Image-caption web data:

============

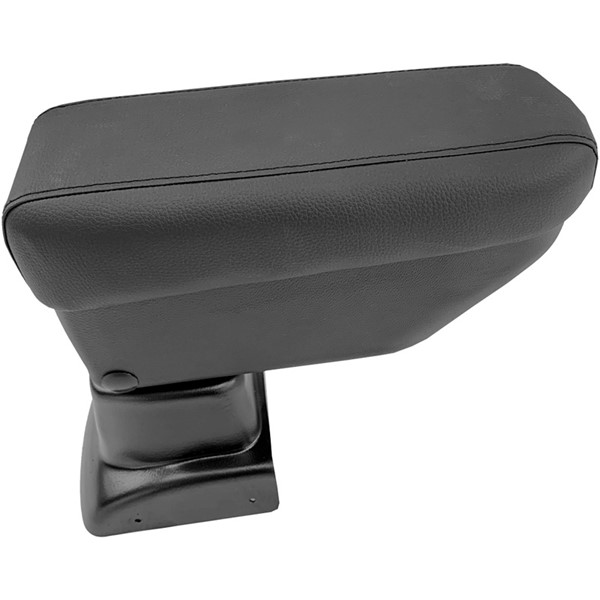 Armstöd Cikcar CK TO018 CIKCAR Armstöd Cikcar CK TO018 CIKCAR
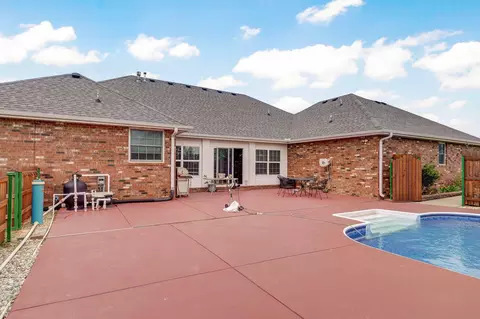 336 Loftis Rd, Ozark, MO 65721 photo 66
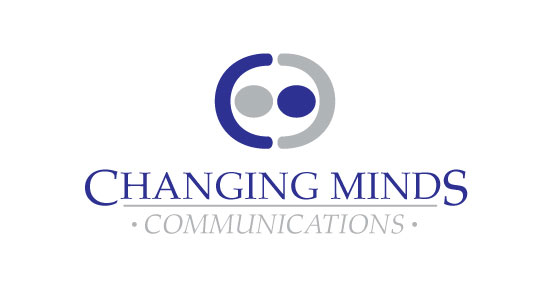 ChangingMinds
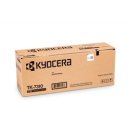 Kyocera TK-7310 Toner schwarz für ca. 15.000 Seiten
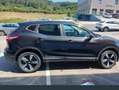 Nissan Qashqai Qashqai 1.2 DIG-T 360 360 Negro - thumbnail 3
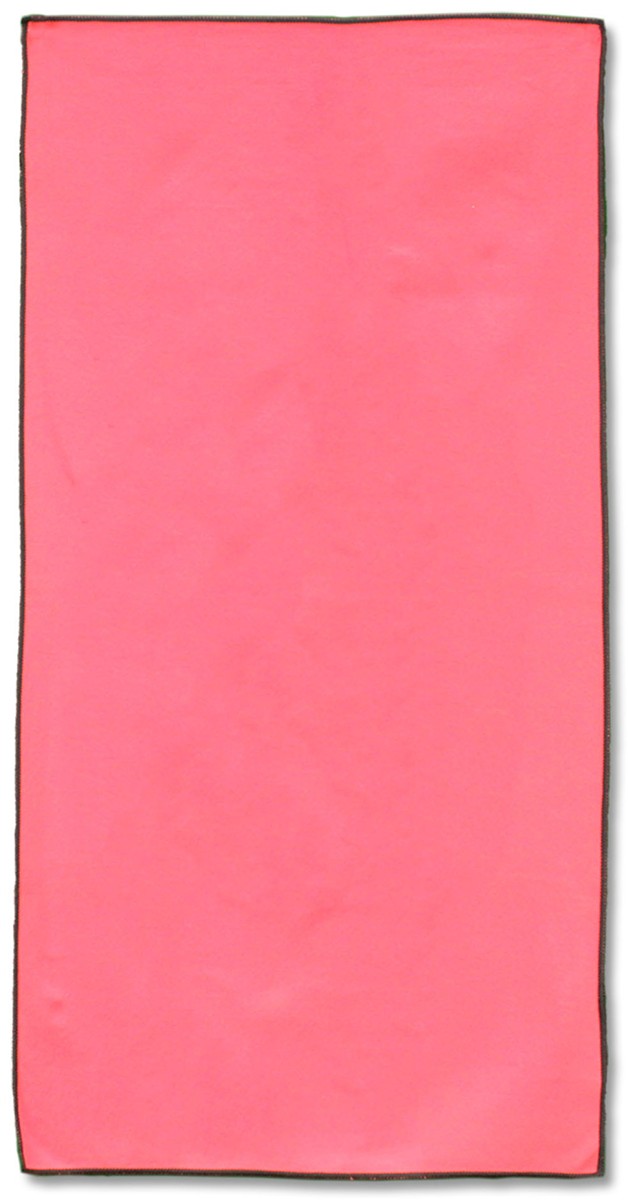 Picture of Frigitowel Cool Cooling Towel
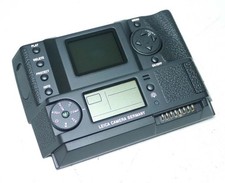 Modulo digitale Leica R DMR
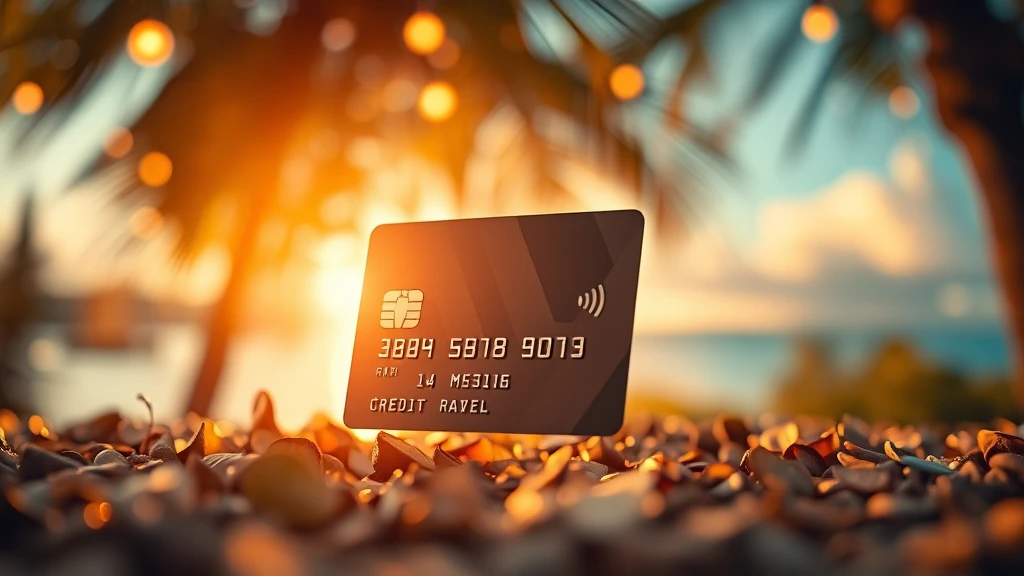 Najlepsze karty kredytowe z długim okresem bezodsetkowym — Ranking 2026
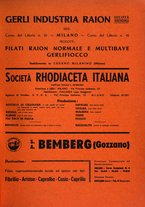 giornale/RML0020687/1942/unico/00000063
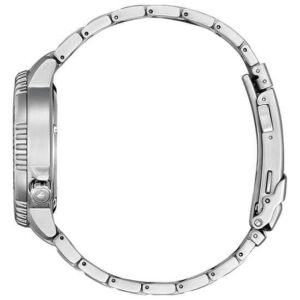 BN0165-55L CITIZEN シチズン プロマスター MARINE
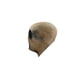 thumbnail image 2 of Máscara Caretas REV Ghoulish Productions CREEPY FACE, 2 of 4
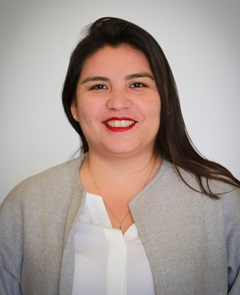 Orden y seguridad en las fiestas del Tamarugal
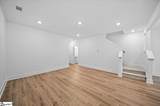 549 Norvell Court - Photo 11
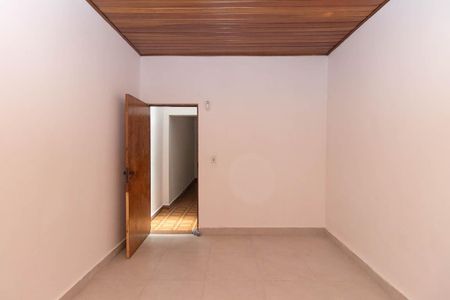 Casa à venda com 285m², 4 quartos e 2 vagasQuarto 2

============

● Work to complete: In the copy, leave out all pictures, and retype exactly each line from the one with "Orden y seguridad" through the last line of the entries.

● Result of this exercise:
 Orden y seguridad en las fiestas del Tamarugal
 549 Norvell Court - Photo 11
 Casa à venda com 285m², 4 quartos e 2 vagasQuarto 2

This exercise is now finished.